Many former Republicans and moderate independents were repulsed by the GOP leadership’s embrace of Trump—his ethno-nationalism, his lies, his extremist rhetoric. If Republicans stay Trumpist, they will keep losing these voters.
Meanwhile, the 2018 mobilization of young voters, African Americans, and Latinos far exceeded Democratic expectations. If repeated and expanded in 2020, these new voters would hasten the creation of the much-discussed “coalition of the ascendant.”
Equally heartening were signs that the “Trump Democrats” in the three key swing states of 2016—Pennsylvania, Michigan, and Wisconsin—were, in the end, still Democrats. This was the import of the double victories by the party’s candidates in contests for Senate seats and governorships.
It was not always appreciated that the ascendant coalition based on Barack Obama’s twin victories required a 40 to 50 percent Democratic vote share among white non-college voters in the old industrial states.

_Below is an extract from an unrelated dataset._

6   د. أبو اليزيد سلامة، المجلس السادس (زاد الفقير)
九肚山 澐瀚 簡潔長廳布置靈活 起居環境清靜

Obama hit these levels. Clinton did not. The 2018 results marked a return of the Democrats’ industrial state blue-collar majorities and, when combined with the party’s new suburban gains, held the potential for an even broader and more durable coalition than Obama built.
But nurturing this coalition will require maintaining the organizing energy brought to life by the backlash to Trump and the breakthroughs in participation by young people and voters of color.
And given the breadth of the coalition, the two wings of the center and left will need to learn not only to tolerate each other but to work together. Many Democratic suburban victors focused relentlessly on economic issues (health care above all, jobs, and education), adopted a moderate tone, and called for more civil politics.
What unites staunch progressives and their moderate center-left brethren might be called The Politics of More: more Americans covered by health insurance (whether through single-payer or some other system); more with decent wages and benefits, including the family-friendly sort; more with good schools; more with affordable paths to college and effective training programs; more with unimpeded access to the ballot; more with adequate provision for retirement; more with security from gun violence.
Sectarianism does not build broad coalitions. They are created by shared goals and an understanding that these cannot be achieved unless citizens of diverse backgrounds and views come together—and stick together, even in the face of differences over tactics, methods, and the pace of change.